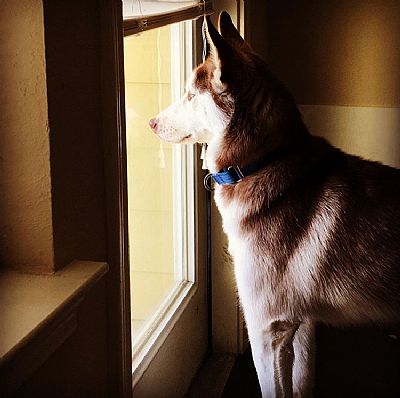 Benjilis profile photo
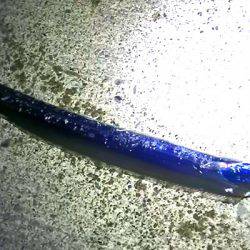 焼津　石津浜太刀魚ジギング＆ふぃっしゅーな釣果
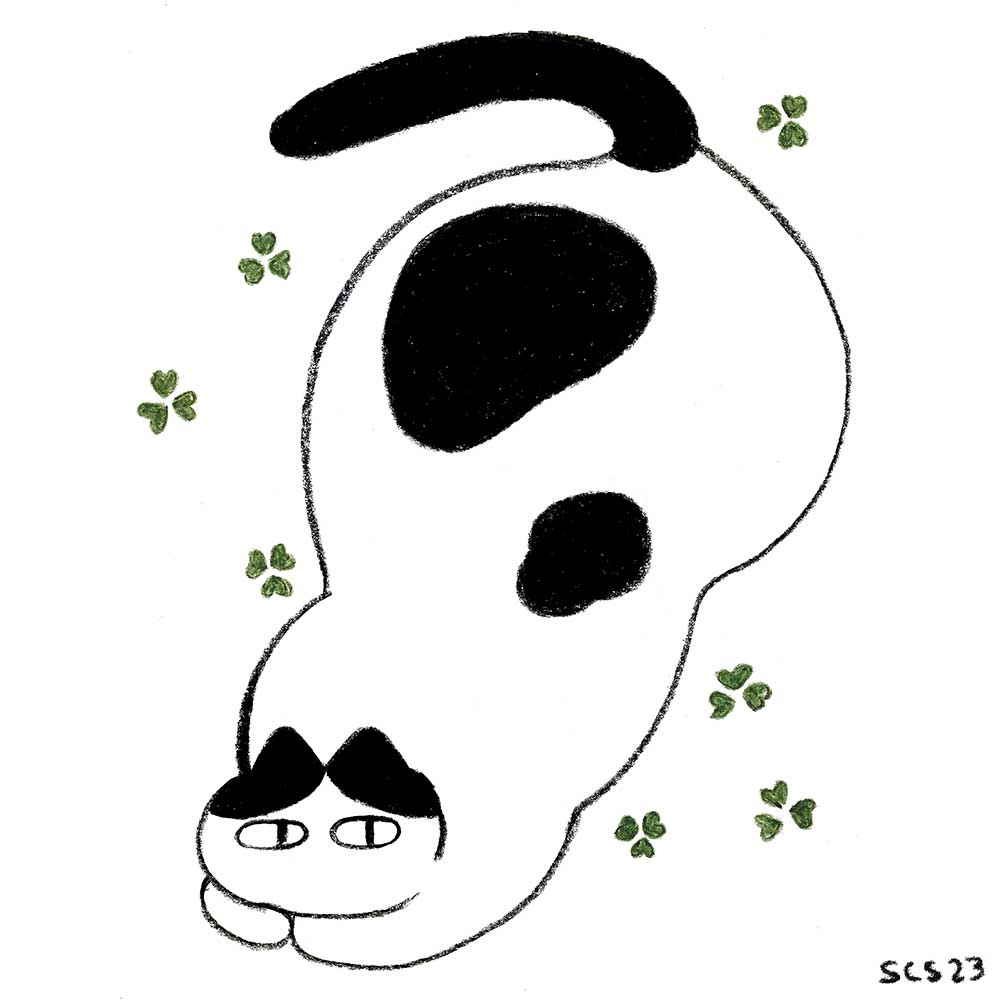 dandelion &amp; clover 🍀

----------

Restate the listing word for word, pictures excluded.

**Solution:**
 Benjilis profile photo
 焼津　石津浜太刀魚ジギング＆ふぃっしゅーな釣果
 dandelion &amp; clover 🍀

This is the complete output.